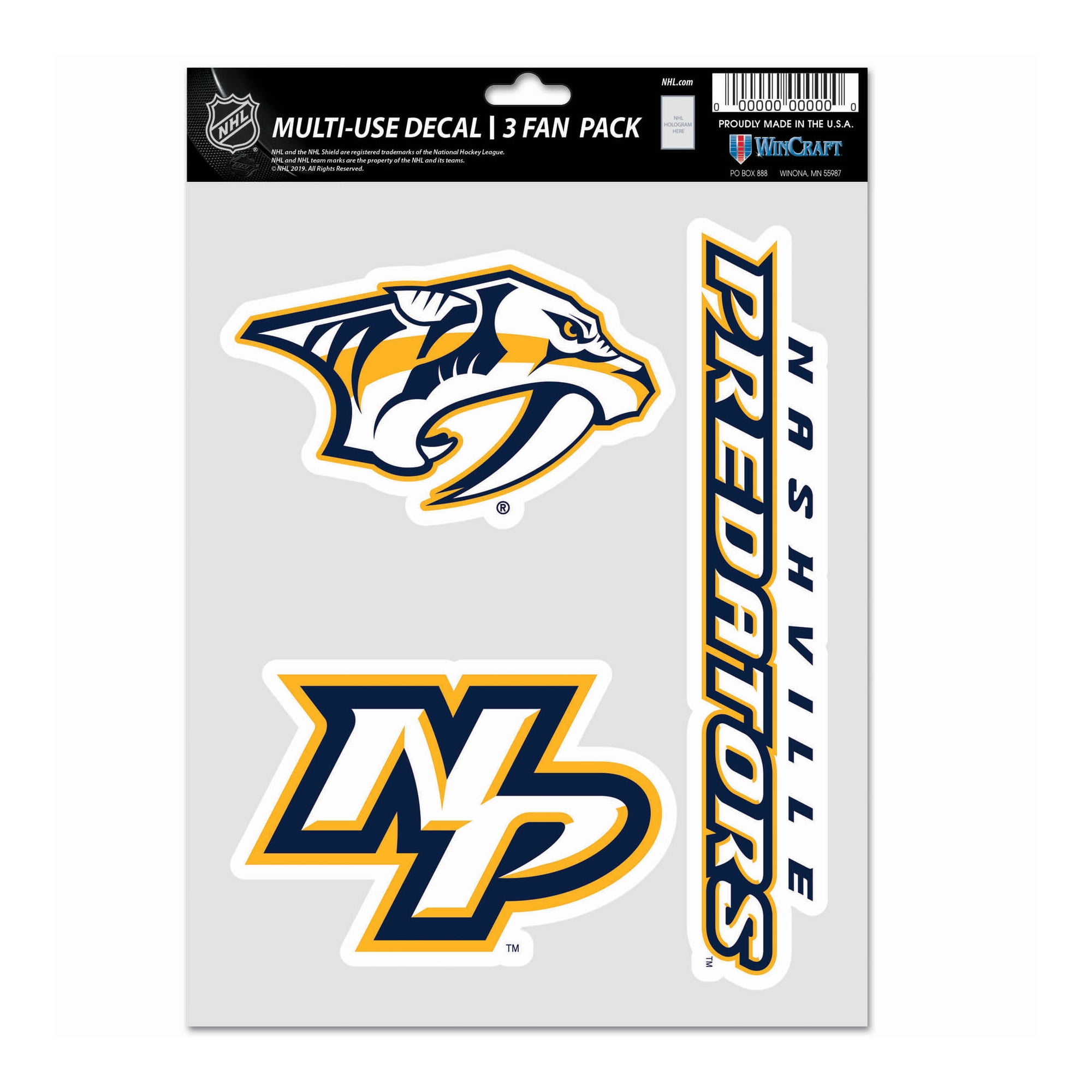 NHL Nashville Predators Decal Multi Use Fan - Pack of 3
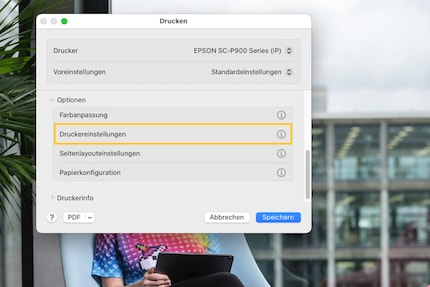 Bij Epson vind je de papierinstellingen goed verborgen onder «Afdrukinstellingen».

• • • • •

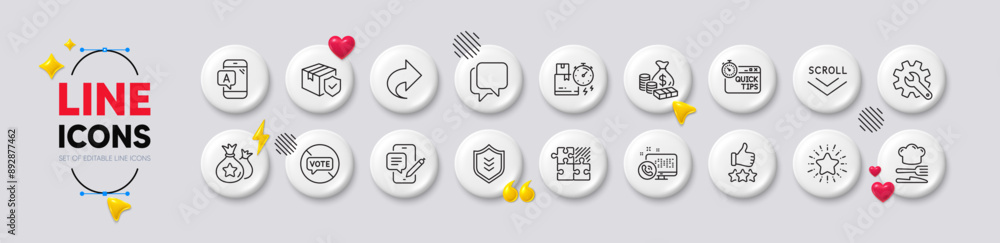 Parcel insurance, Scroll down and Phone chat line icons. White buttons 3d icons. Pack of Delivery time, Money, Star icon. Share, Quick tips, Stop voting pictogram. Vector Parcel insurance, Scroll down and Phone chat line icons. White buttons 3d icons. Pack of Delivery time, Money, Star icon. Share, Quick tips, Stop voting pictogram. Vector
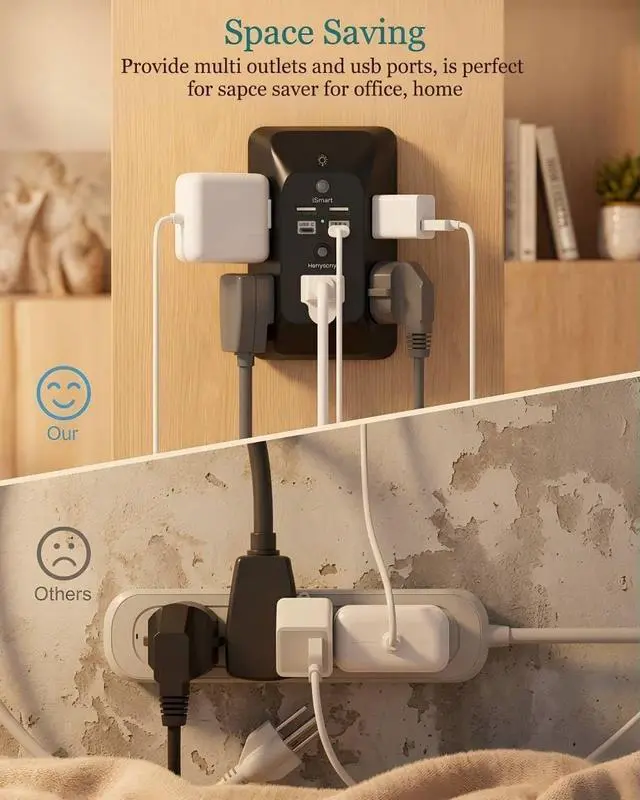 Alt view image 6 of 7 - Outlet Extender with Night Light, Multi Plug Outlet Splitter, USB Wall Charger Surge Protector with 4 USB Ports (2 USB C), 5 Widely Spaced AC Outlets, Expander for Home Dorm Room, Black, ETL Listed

• • • • •

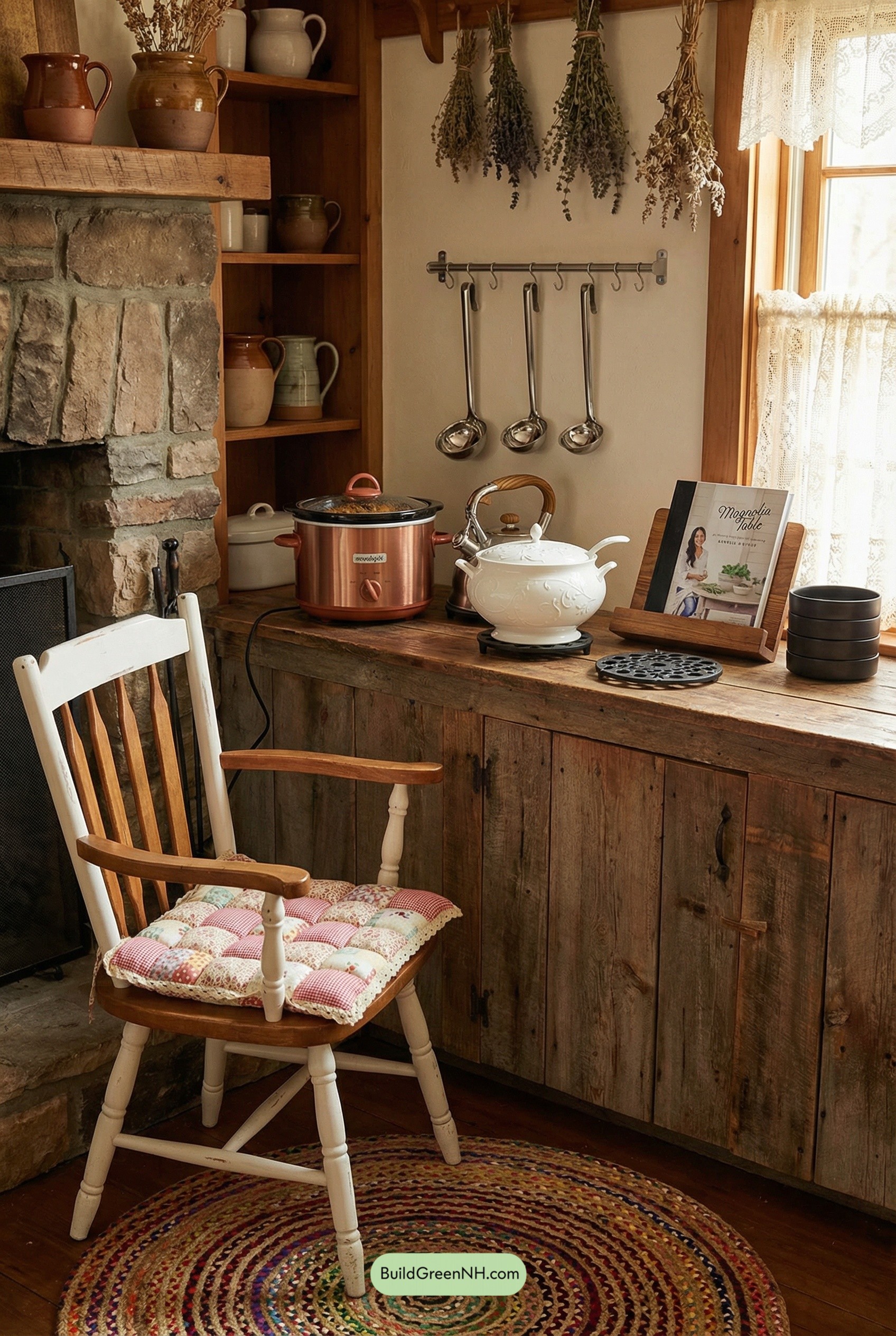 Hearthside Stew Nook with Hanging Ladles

• • • • •

- _Task goal_
Go to the line above that has "NHL Nashville Predators" and copy exactly from there down to the line that has "Bij Epson vind", both included. Leave the pictures out.

- _Task solution_
 NHL Nashville Predators Decal Multi Use Fan - Pack of 3
 Bij Epson vind je de papierinstellingen goed verborgen onder «Afdrukinstellingen».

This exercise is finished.